→ Assignment
Find the string "front" in the records and copy each line where it occurs.

→ Provided records
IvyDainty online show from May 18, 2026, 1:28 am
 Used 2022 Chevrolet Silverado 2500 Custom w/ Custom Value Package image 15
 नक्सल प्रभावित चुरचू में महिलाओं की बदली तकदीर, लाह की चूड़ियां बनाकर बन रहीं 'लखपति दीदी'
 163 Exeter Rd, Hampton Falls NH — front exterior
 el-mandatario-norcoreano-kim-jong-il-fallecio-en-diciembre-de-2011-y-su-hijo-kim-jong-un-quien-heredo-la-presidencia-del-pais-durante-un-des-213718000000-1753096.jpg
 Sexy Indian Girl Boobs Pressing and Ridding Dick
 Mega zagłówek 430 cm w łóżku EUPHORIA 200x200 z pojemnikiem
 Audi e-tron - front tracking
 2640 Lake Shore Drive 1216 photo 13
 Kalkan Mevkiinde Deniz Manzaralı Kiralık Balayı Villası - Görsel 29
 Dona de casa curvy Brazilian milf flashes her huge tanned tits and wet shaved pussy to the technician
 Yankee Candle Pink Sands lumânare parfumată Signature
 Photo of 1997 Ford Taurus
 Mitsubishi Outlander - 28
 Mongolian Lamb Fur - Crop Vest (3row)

→ Written answer
 163 Exeter Rd, Hampton Falls NH — front exterior
 Audi e-tron - front tracking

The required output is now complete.